"I didn't even know the movie came out. Is it still out?"
My friend had no idea about 2017's Blade Runner 2049. I admit that I intended on supporting it as it initially came out in theaters and heard the infamous 'mixed reviews'. I paused where I shouldn't have. The original Blade Runner (1982) was an imprimatur for me, having not seen it in theaters 35 years ago, but instead on the VHS release in 1983 and as a laser-disc rental in 1987.
In stark contrast to the hopeful, lighthearted space opera of Star Wars and its deviations, one could have described it as 'hard' sci-fi. For me, the term held a place in a world, if you could get it, of Omni magazine, Heavy Metal short stories (or the movie, which was extremely hard to find as a child), Star Trek short stories, Twilight Zone, etc.
1982 Blade was lacked hope for most of it. It was destructive. It was as gritty as a Raymond Chandler novel. I felt most affinity to Blade from Chandler, especially coming across his novella Red Wind (1938). Dystopian. Bleak. Litter-filled to the point you felt like you were gagging on it.
As it came to Denis Villeneuve's interpretation, under the eye of Ridley Scott, with writers Hampton Fancher and Michael Green - this is a sequel, let there be no doubt, of 1982 Blade.
Even as Villeneuve struggles with the lackluster performance of the film, it still is making an imprint with critics. If there is any solace, keep in mind it has been one of the worst years in some time for the box office generally. Villeneuve shouldn't overthink it based on this - this is a much larger, systemic problem at work here. It needs to be solved at the studio, marketing and theater level. To strike a tangent, I think studios have made it to easy to wait. I know I say to myself, in making a decision to go to the theater, that I could just as simply wait a few weeks and it'll be out on digital. Which is what I did. By pushing that expectation out - I'm sure I wouldn't have had to wait. [It released yesterday, 12/26/17.]

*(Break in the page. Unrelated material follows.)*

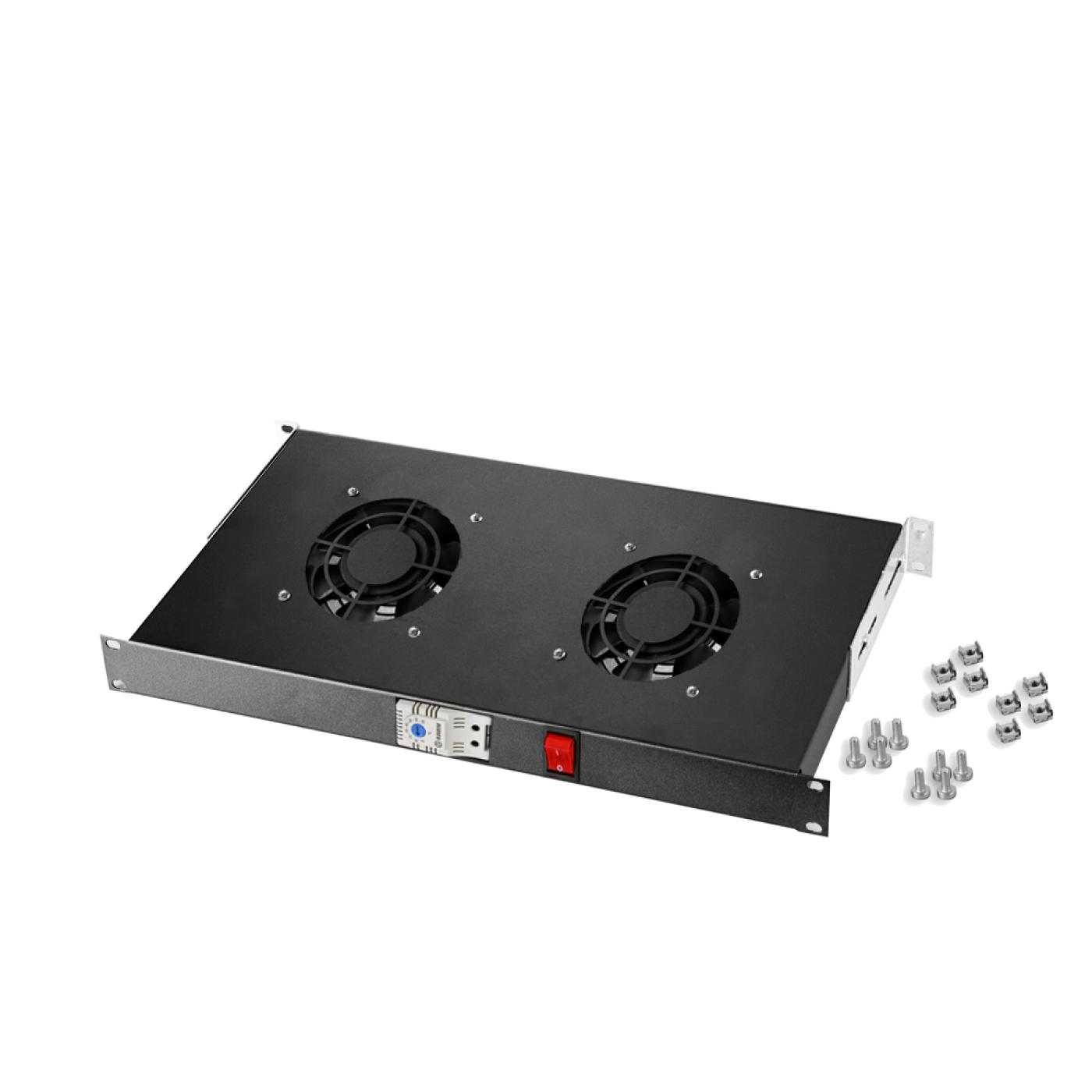 19" 2li Fan Ara Modülü Termostatlı On/Off Switch — 1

And, in the end, it is an engaging film. There could be a lot to speak to - it is not as tangible as the first film. Practical effects and focus on faces and not bleak landscapes is a note to take to mind. 1982 Blade was about character. When we shift too much attention to the wars, their outcome, the current state, we could get lost.
Where the movie shines is in having a replicant be the protagonist. This is weird at first, and there are questions all the way to the end, but it resolves itself in a way that is true to all the characters.
I wonder if, in the boardrooms of the world, where someone has to speak strongly about 'scale'. "It needs to have scale. It needs to breath. We need to go..." Scale doesn't fix anything. It's already there if your story has a solid foundation. In 2049 the protagonist goes from LA to San Diego to Las Vegas and back again. The spaces in between those take up enough time to be noticeable. Plus, I don't feel we got anything by going there. We are just seeing more of the same dystopia.
In the end, I still recommend a rental. It is definitely worth it. Where I have these gripes, I only shy away from its strengths as they would spoil some of the threads.
What shines is the 'love' interest of the protagonist replicant, 'K' (Ryan Gosling) and a tailored AI partner, Joi (Ana de Armas). Their relationship, when you think deeply of the future and what it surely holds, is eerie. It will happen. Replicants in love with AI. Humans loving replicants. 'Real' is so blurred, it holds almost no purport in questioning. Deckard (Harrison Ford) even throws the question of 'real' back in the face of K, as if to say 'what does it matter - the world is f*cked as it is'.